_PROBLEM REQUIREMENTS_
Reproduce the opening lines of the records exactly, please, stopping after the line that contains "Essie Davis som".

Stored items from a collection
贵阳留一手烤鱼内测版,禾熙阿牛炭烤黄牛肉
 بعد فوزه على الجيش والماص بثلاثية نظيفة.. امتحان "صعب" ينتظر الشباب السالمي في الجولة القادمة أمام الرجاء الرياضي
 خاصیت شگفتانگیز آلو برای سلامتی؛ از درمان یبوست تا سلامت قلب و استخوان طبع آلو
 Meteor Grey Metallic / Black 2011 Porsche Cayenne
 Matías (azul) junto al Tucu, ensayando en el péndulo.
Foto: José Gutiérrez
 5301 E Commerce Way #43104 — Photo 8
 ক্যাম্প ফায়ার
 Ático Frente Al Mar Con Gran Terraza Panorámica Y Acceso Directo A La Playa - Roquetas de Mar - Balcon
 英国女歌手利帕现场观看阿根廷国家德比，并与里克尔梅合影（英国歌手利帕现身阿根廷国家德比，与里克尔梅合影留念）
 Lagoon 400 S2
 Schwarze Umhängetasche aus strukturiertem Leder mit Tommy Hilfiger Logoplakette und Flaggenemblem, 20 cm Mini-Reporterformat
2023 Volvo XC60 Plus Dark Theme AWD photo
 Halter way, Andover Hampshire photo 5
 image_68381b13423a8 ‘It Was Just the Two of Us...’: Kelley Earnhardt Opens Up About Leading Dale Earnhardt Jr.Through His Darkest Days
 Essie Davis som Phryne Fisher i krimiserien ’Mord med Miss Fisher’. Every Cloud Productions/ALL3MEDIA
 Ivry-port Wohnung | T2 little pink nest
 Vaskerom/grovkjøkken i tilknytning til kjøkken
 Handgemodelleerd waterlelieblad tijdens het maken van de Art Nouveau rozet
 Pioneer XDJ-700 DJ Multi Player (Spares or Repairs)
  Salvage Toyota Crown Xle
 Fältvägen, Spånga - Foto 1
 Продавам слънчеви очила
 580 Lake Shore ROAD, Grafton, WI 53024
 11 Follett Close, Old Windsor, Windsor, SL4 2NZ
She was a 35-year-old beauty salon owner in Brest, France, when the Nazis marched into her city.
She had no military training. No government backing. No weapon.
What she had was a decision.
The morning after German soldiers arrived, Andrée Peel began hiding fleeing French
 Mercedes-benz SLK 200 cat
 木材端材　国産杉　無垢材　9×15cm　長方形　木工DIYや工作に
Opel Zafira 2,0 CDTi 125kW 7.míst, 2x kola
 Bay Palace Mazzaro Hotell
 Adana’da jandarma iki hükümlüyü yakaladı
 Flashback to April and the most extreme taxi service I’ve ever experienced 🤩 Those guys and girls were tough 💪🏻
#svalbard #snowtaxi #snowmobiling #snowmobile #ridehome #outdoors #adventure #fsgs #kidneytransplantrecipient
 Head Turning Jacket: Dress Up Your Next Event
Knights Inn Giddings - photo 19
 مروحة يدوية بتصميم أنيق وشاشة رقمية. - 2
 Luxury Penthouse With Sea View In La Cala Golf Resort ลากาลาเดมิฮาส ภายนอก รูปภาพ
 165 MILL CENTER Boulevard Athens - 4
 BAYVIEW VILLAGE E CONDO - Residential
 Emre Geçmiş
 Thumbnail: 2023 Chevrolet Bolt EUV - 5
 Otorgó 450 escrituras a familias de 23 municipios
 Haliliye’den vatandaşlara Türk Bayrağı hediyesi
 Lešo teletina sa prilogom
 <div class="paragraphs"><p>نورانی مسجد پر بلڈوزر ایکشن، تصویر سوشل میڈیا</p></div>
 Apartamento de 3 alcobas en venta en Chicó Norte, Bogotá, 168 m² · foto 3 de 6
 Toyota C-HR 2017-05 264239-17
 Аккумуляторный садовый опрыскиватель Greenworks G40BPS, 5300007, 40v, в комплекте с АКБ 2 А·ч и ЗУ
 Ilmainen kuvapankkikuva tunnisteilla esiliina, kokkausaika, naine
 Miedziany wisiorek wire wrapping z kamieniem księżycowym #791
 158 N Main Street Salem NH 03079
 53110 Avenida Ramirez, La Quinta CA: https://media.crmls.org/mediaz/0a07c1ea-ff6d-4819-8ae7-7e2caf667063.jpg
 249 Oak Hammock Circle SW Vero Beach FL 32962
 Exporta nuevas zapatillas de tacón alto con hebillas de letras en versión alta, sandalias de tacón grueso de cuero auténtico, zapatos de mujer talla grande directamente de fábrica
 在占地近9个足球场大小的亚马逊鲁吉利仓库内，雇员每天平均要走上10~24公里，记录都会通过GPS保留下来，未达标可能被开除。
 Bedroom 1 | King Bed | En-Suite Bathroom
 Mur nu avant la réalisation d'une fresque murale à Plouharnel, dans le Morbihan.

_EXPECTED OUTPUT_
贵阳留一手烤鱼内测版,禾熙阿牛炭烤黄牛肉
 بعد فوزه على الجيش والماص بثلاثية نظيفة.. امتحان "صعب" ينتظر الشباب السالمي في الجولة القادمة أمام الرجاء الرياضي
 خاصیت شگفتانگیز آلو برای سلامتی؛ از درمان یبوست تا سلامت قلب و استخوان طبع آلو
 Meteor Grey Metallic / Black 2011 Porsche Cayenne
 Matías (azul) junto al Tucu, ensayando en el péndulo.
Foto: José Gutiérrez
 5301 E Commerce Way #43104 — Photo 8
 ক্যাম্প ফায়ার
 Ático Frente Al Mar Con Gran Terraza Panorámica Y Acceso Directo A La Playa - Roquetas de Mar - Balcon
 英国女歌手利帕现场观看阿根廷国家德比，并与里克尔梅合影（英国歌手利帕现身阿根廷国家德比，与里克尔梅合影留念）
 Lagoon 400 S2
 Schwarze Umhängetasche aus strukturiertem Leder mit Tommy Hilfiger Logoplakette und Flaggenemblem, 20 cm Mini-Reporterformat
2023 Volvo XC60 Plus Dark Theme AWD photo
 Halter way, Andover Hampshire photo 5
 image_68381b13423a8 ‘It Was Just the Two of Us...’: Kelley Earnhardt Opens Up About Leading Dale Earnhardt Jr.Through His Darkest Days
 Essie Davis som Phryne Fisher i krimiserien ’Mord med Miss Fisher’. Every Cloud Productions/ALL3MEDIA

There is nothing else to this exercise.